What you have to do ::
Each line below from the one containing "Gold Foil Balloons" through the one containing "请问，包括公司所有员工五险缴" should be output exactly as it stands, and no other line should appear.

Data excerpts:
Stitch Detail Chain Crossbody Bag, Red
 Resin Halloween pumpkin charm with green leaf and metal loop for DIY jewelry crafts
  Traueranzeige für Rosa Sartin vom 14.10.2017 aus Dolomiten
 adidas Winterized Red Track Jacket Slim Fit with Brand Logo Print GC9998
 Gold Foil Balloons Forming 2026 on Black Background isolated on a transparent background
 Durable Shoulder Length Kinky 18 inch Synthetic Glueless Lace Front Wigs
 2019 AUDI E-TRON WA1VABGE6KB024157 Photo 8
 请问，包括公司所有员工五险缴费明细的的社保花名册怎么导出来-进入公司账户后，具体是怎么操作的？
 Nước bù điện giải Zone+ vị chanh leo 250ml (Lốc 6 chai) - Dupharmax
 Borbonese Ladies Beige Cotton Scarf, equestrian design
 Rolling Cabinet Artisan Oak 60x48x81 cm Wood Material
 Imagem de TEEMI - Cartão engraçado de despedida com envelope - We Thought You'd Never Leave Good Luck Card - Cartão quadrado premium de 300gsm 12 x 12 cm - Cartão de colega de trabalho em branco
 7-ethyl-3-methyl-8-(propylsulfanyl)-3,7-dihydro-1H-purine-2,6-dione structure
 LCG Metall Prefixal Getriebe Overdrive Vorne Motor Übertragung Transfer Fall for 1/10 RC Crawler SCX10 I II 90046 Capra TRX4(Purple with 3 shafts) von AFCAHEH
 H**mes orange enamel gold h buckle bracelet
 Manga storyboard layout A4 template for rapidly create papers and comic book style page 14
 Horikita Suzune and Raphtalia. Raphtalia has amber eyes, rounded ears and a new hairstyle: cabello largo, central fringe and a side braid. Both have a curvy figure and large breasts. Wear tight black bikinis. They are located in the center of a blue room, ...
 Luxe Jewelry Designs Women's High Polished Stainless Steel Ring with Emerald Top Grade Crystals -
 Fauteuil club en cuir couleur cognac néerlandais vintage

Answer to this exercise ::
 Gold Foil Balloons Forming 2026 on Black Background isolated on a transparent background
 Durable Shoulder Length Kinky 18 inch Synthetic Glueless Lace Front Wigs
 2019 AUDI E-TRON WA1VABGE6KB024157 Photo 8
 请问，包括公司所有员工五险缴费明细的的社保花名册怎么导出来-进入公司账户后，具体是怎么操作的？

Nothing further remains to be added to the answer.